By taking up such finance- or mitigation-based claims, the voluntary market could access more mitigation opportunities than if restricted to offsetting. It could actively contribute to the Paris Agreement’s goals by supporting the achievement of NDCs, helping to raise their ambition, as well as acting beyond them.
This approach could also enable investment in activities that are not suited to offsetting claims, and explore new approaches to attributes such as permanence, where the complexity of current approaches is primarily in place to protect the offset claim. This shift could also open up new modes of voluntary corporate action such as those described in WWF’s Blueprint for Corporate Action on Climate and Nature.
In other words, finance-based claims could create a pioneering new route for private actors to make a transformative and high-impact contribution to the Paris goals while making claims that can be trusted.
Third, offset claims should be robust, and companies should avoid ‘double claiming’, i.e., more than one entity using an emission reduction or removal towards a target. For example, if a government is accounting for emissions reductions under its NDC, a company should not use the same emission reductions certified, e.g., under the Gold Standard, as an offset.

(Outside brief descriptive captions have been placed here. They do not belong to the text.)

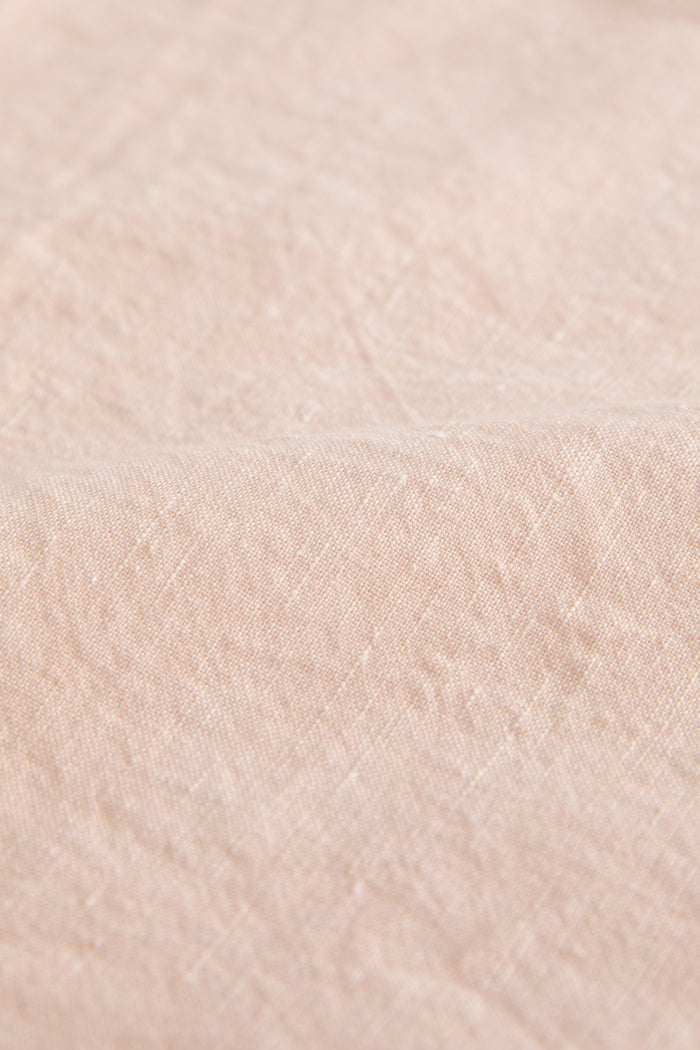 Sissy-Boy Roze tafelkleed met embroidery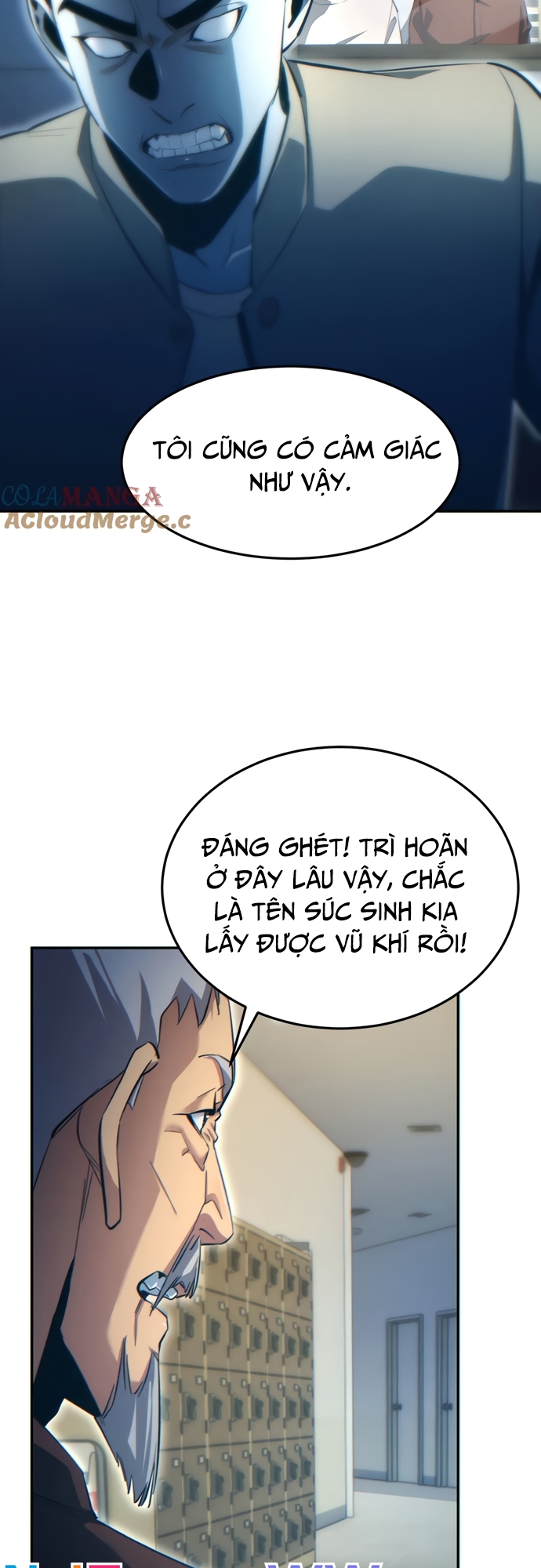 Mạt Thế Trùng Sinh: Ta Dựa Vào Mở Rương Vấn Dỉnh Đỉnh Phong: Chapter 19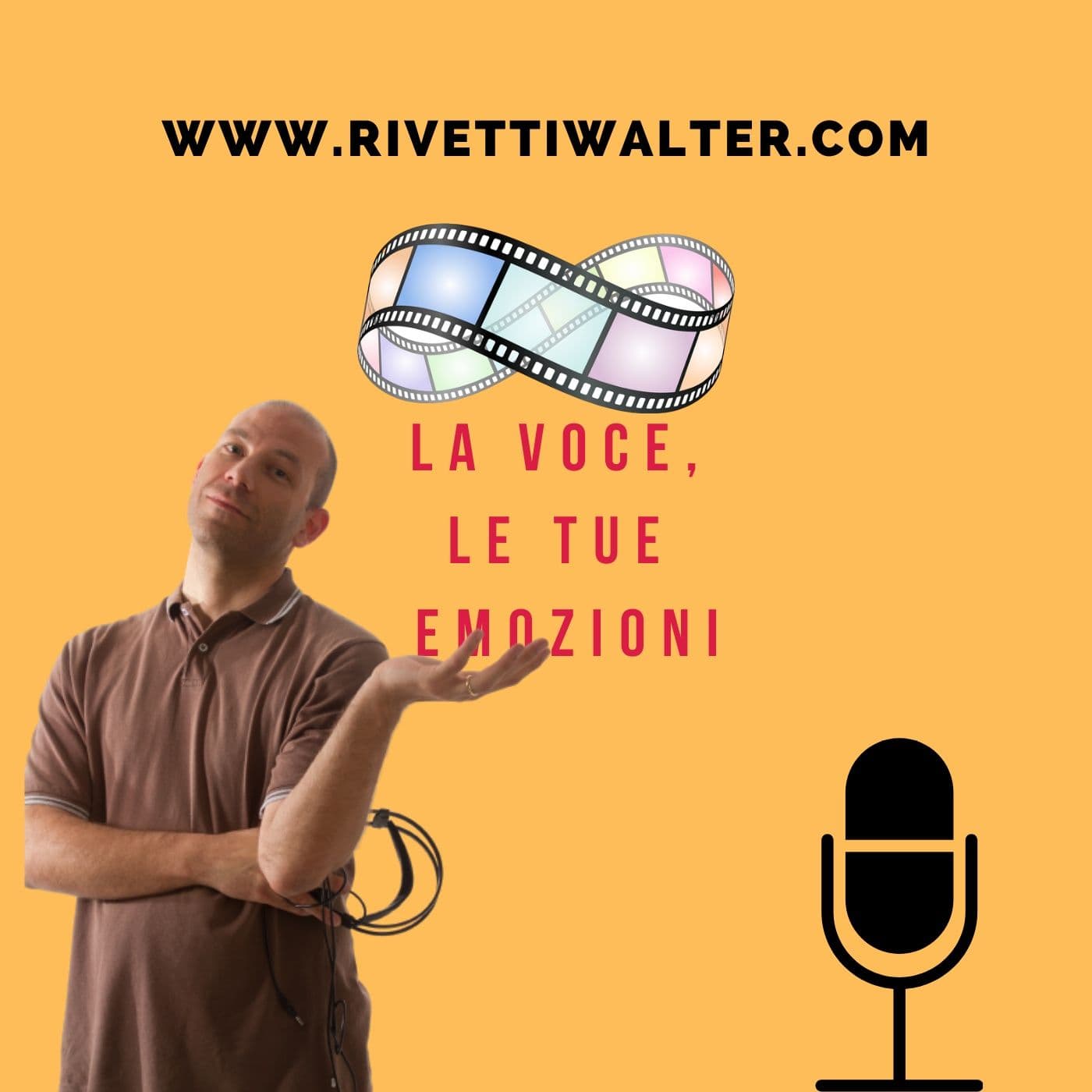 Migliora La Tua Voce! - Podcasts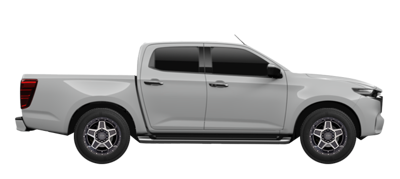 Mazda Bt 50 2023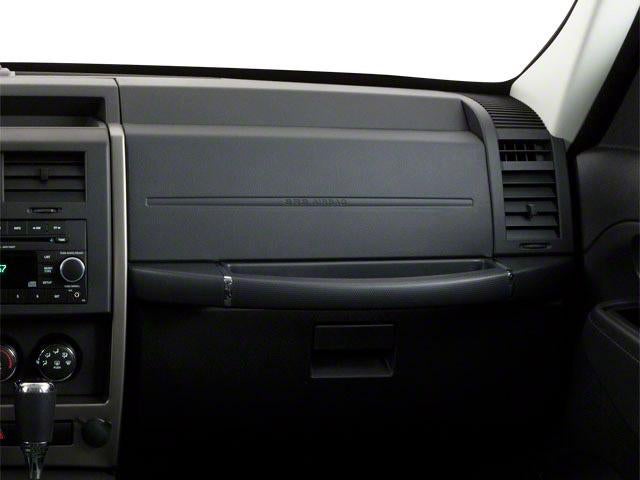 2011 Jeep Liberty 4WD 4dr Limited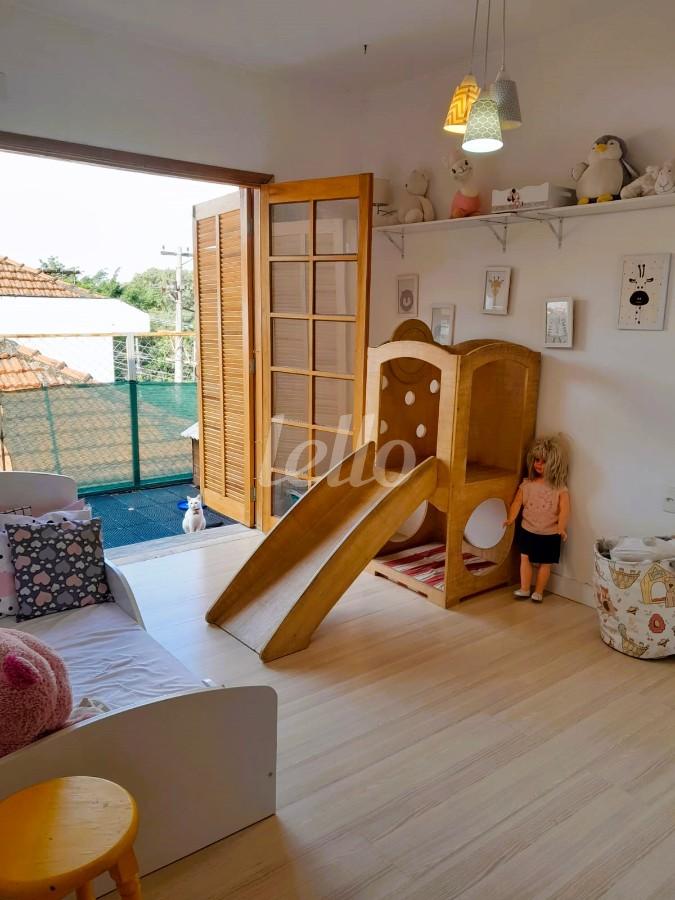 FOTO (10) de Casa à venda, sobrado com 300 m², 3 quartos e 5 vagas em Casa Verde - São Paulo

While such double claiming would not affect greenhouse gas accounting under the Paris Agreement, when both a government and a company take credit for the same emission reduction, doubt is cast on any compensation -or offset- claim by the company. Corresponding adjustments give companies the assurance that there is no competing claim hanging over the emission reduction it has enabled or purchased.
The potential for perverse impacts through double claiming may be higher in some country contexts than others. NDCs under the Paris Agreement are not uniform: some are economy-wide, some sector-specific; some are conditional, some unconditional; and some are enshrined in law while others may be largely aspirational. Very few countries have the technical capacities yet to put in place the required accounting systems for corresponding adjustments, and those countries that need carbon investments most may have the least capacity.
This points to a need for pragmatism in how new rules are introduced. But it does not change the fact that if an emission reduction is double claimed, its credibility as an offset is in question. Companies that are serious about their pledges should care about this: they’re making a promise to their investors and customers when they claim to have offset their emissions and should want this promise to be kept.
In sum, we need solutions that can enable the voluntary market to continue to deliver impact on the ground over the next decade and beyond, moving beyond the Kyoto era and supporting the Paris goals. Offsetting has taken the market a long way and will continue to play an important role. If market actors are willing to embrace new claims – those that emphasize the financing of an emission reduction for climate mitigation – we could go a lot further and, in so doing, put the corresponding adjustment debate behind us.